◆ WORK REQUIRED:
Copy all of the records word for word.

◆ GIVEN DATA:
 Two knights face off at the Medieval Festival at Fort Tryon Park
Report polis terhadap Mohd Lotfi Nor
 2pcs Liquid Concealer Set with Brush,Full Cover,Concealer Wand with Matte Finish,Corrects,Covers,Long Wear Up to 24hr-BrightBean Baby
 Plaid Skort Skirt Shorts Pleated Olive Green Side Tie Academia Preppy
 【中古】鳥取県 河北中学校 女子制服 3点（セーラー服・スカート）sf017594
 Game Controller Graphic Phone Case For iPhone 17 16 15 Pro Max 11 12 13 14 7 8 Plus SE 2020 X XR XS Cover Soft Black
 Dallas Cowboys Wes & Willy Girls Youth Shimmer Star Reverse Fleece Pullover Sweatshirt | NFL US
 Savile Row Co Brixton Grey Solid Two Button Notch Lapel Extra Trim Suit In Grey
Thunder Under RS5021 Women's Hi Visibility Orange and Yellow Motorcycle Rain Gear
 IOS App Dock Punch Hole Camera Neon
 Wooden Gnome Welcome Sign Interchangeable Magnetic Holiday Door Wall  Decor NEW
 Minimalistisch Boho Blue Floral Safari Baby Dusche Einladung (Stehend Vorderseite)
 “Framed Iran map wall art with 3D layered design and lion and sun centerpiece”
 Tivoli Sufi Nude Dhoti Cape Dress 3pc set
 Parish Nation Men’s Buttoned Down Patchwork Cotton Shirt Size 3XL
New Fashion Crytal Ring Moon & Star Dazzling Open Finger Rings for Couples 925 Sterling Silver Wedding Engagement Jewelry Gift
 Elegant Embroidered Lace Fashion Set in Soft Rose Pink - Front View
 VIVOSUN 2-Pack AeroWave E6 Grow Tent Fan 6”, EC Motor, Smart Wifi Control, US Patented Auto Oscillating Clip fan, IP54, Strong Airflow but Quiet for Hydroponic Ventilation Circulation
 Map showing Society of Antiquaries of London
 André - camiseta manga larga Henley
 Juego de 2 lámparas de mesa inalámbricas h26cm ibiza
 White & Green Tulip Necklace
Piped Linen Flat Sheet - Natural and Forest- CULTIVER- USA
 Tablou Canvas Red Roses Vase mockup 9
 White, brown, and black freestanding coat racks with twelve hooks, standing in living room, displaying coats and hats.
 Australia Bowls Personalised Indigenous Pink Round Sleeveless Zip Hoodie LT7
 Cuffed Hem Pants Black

◆ ANSWER TO THE EXERCISE:
 Two knights face off at the Medieval Festival at Fort Tryon Park
Report polis terhadap Mohd Lotfi Nor
 2pcs Liquid Concealer Set with Brush,Full Cover,Concealer Wand with Matte Finish,Corrects,Covers,Long Wear Up to 24hr-BrightBean Baby
 Plaid Skort Skirt Shorts Pleated Olive Green Side Tie Academia Preppy
 【中古】鳥取県 河北中学校 女子制服 3点（セーラー服・スカート）sf017594
 Game Controller Graphic Phone Case For iPhone 17 16 15 Pro Max 11 12 13 14 7 8 Plus SE 2020 X XR XS Cover Soft Black
 Dallas Cowboys Wes & Willy Girls Youth Shimmer Star Reverse Fleece Pullover Sweatshirt | NFL US
 Savile Row Co Brixton Grey Solid Two Button Notch Lapel Extra Trim Suit In Grey
Thunder Under RS5021 Women's Hi Visibility Orange and Yellow Motorcycle Rain Gear
 IOS App Dock Punch Hole Camera Neon
 Wooden Gnome Welcome Sign Interchangeable Magnetic Holiday Door Wall  Decor NEW
 Minimalistisch Boho Blue Floral Safari Baby Dusche Einladung (Stehend Vorderseite)
 “Framed Iran map wall art with 3D layered design and lion and sun centerpiece”
 Tivoli Sufi Nude Dhoti Cape Dress 3pc set
 Parish Nation Men’s Buttoned Down Patchwork Cotton Shirt Size 3XL
New Fashion Crytal Ring Moon & Star Dazzling Open Finger Rings for Couples 925 Sterling Silver Wedding Engagement Jewelry Gift
 Elegant Embroidered Lace Fashion Set in Soft Rose Pink - Front View
 VIVOSUN 2-Pack AeroWave E6 Grow Tent Fan 6”, EC Motor, Smart Wifi Control, US Patented Auto Oscillating Clip fan, IP54, Strong Airflow but Quiet for Hydroponic Ventilation Circulation
 Map showing Society of Antiquaries of London
 André - camiseta manga larga Henley
 Juego de 2 lámparas de mesa inalámbricas h26cm ibiza
 White & Green Tulip Necklace
Piped Linen Flat Sheet - Natural and Forest- CULTIVER- USA
 Tablou Canvas Red Roses Vase mockup 9
 White, brown, and black freestanding coat racks with twelve hooks, standing in living room, displaying coats and hats.
 Australia Bowls Personalised Indigenous Pink Round Sleeveless Zip Hoodie LT7
 Cuffed Hem Pants Black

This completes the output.